DNAinfo Reporter/Producer

FINANCIAL DISTRICT — A new real estate report shows glimmers of a recovery in lower Manhattan’s residential market, but continued weakness in the commercial sector.

The most concrete sign of an upturn in the Downtown Alliance’s first-quarter report was that condo prices below Chambers Street rose 10 percent since the fourth quarter of 2009, to $970 per square foot. Prices generally fall during the slow winter season, so the increase was “particularly encouraging,” the report said.

Another positive sign was that lower Manhattan’s rental vacancy rate dropped, from 2.05 percent at the end of 2009 to 1.45 percent in the first quarter of 2010.

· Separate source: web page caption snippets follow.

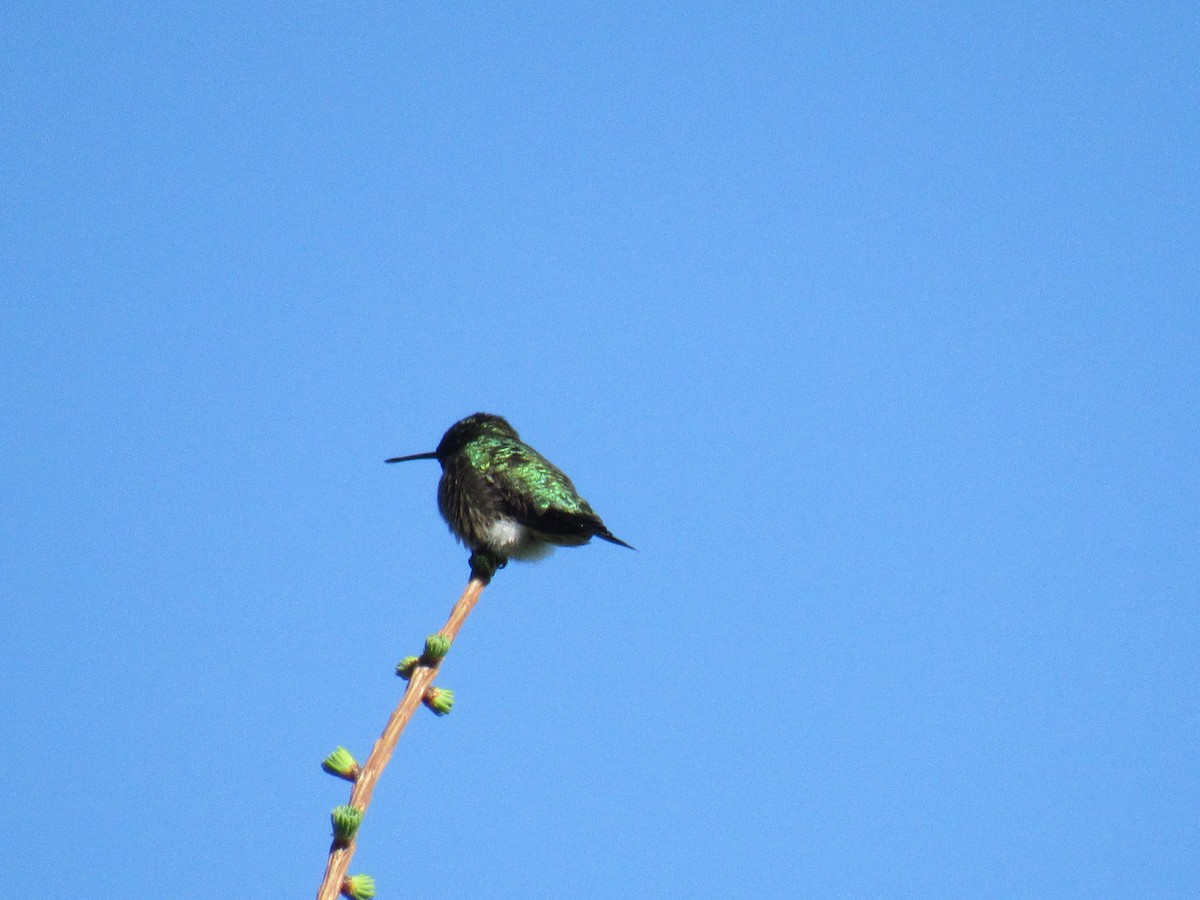 Ruby-throated Hummingbird - Marina Bourque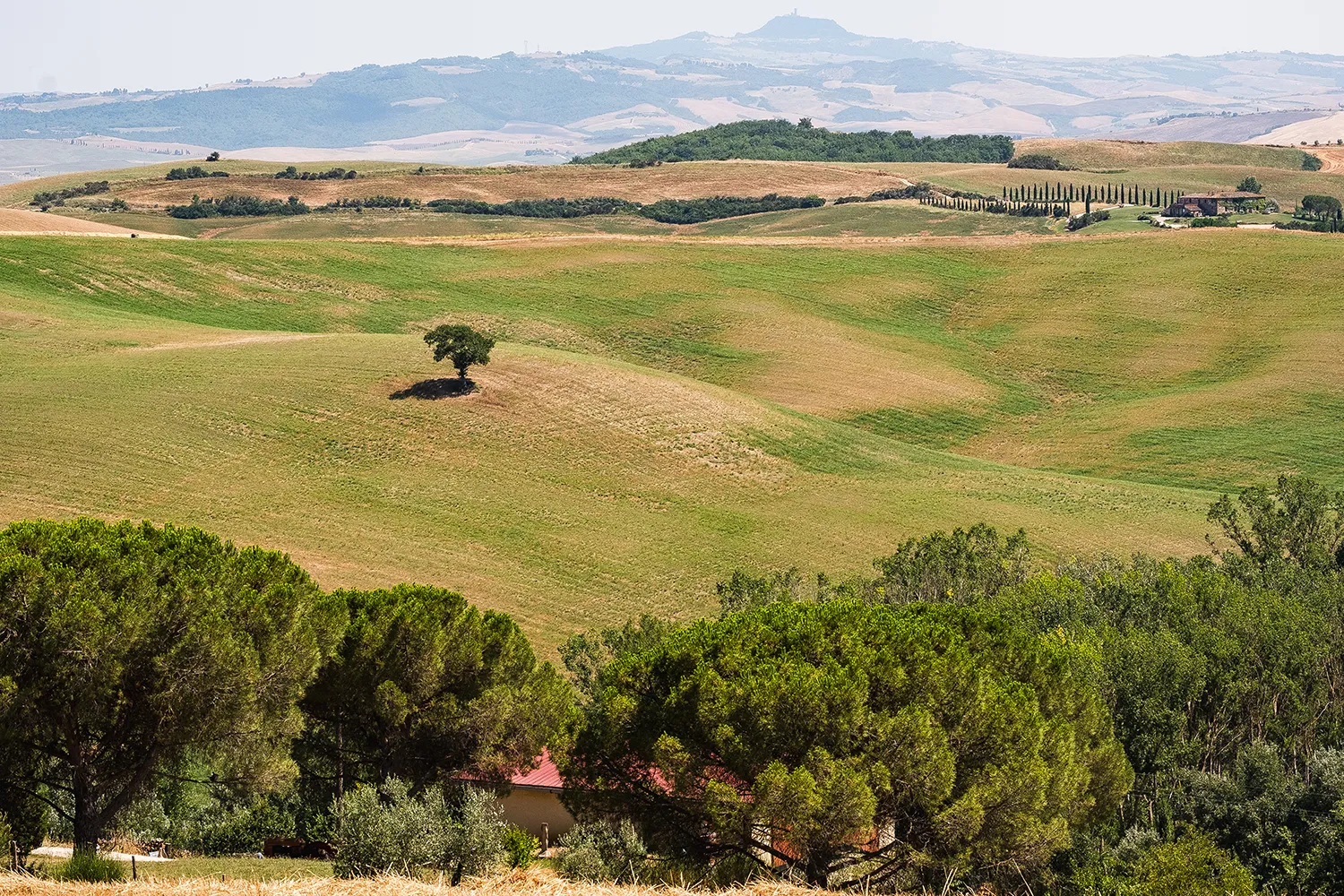 Crete Senesi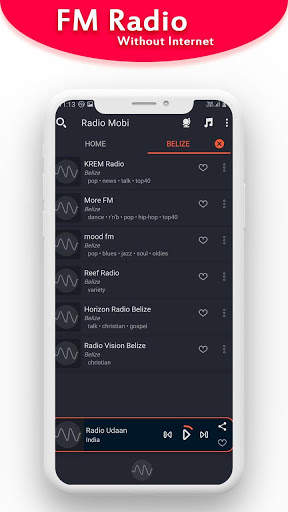 Radio Fm Without Internet - Wireless FM screenshot 4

Landlords are still reducing rents to keep apartments filled, and the Downtown Alliance predicts further rent reductions as new buildings like the 903-unit Beekman Tower come online later this year.

The report presents a bleaker picture for downtown’s commercial space, which reached a 10 percent vacancy in the first quarter of 2010. That’s a 4 percent increase in vacancy, compared to last quarter and a 23 percent increase over the first quarter of 2009.

While the Financial District did see 29 percent more commercial space leased compared to a year ago, much of that space went to government tenants: The city renewed a lease of nearly 245,000 square feet at 60 Broad St., and the School Construction Authority leased 106,000 square feet at 26 Broadway for a new high school and gym.

Hotels downtown are doing better than this time last year, with a 9 percent increase in occupancy rate even as new hotels opened. Six additional hotels are either planned or under construction below Chambers Street.

Finally, lower Manhattan welcomed 16 new businesses in the first quarter of 2010, including two banks, a couple chain restaurants and some smaller cafes and bars.